Opinion

MITSOTAKIS: When Iran Was Our Ally

   DailyWire.com

In 1980, former president Richard Nixon wrote a book titled The Real War detailing how the United States was losing ground to the Soviet Union on the world stage. One of his central concerns was the effects of the then recent fall of the Shah of Iran.

Though Leftists (and Ron Paul-types) would never admit it, there was a significant threat of Soviet expansion into Iran and toward the Persian Gulf in the post-war period, which was thwarted only thanks to the Shah. Nixon witnesses this as vice-president in the 1950s, and by the time he became president the shah’s value as an ally to the United States had been cemented.

Nixon gave a short recounting of the benefits of our alliance with the Shah that he witnessed during his term:

After the British withdrew in 1971 Iran had taken their place as the military power that guaranteed stability in the Gulf. On the eve of the British withdrawal Iranian forces occupied the strategically located islands of Abu Musa and Tumbs overlooking the Straits of Hormuz. In 1973 the Shah sent Iranian troops to Oman’s Dhofar Province, where Marxist guerrillas supplied by neighboring South Yemen were threatening the Sultan of Oman’s regime. The Shah ordered work begun on a naval base at Chah Bahar in Iranian Baluchistan to guard the entrance to the Straits of Hormuz.

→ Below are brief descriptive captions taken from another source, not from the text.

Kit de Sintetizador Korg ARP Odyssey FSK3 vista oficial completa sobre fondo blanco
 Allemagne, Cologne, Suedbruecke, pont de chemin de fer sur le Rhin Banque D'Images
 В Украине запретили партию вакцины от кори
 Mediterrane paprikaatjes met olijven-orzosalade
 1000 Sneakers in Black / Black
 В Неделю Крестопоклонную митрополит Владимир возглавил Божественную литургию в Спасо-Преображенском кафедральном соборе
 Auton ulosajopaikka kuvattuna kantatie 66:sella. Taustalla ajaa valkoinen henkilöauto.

In addition to refusing to participate in the Arab oil embargo of 1967 and of 1973, the Shah had continued to recognize Israel, provided oil for our Mediterranean Fleet, and kept Iraq from playing any significant role in the Yom Kippur War by moving troops to the Iran-Iraq border and by giving covert support to rebellious Kurdish forces, thus tying down the Iraqi Army. During that war his was the only country in the area to prohibit Soviet overflights; he also rushed oil to an American carrier force in the Indian Ocean to keep it in operation. When our allies were asked to send arms to South Vietnam before the Paris accords forbade it, the Shah stripped himself of F-5’s to accommodate us.

With the fall of the Shah, all of those advantages were reversed. Additionally, 1980 was still too early for many to predict the catastrophe that the reemergence of militant Islam would have in the decades to come, so we in hindsight see what Nixon could not.

It was a disaster that could have been avoided if we would have stood strong with our ally. It is a lesson we should not soon forget.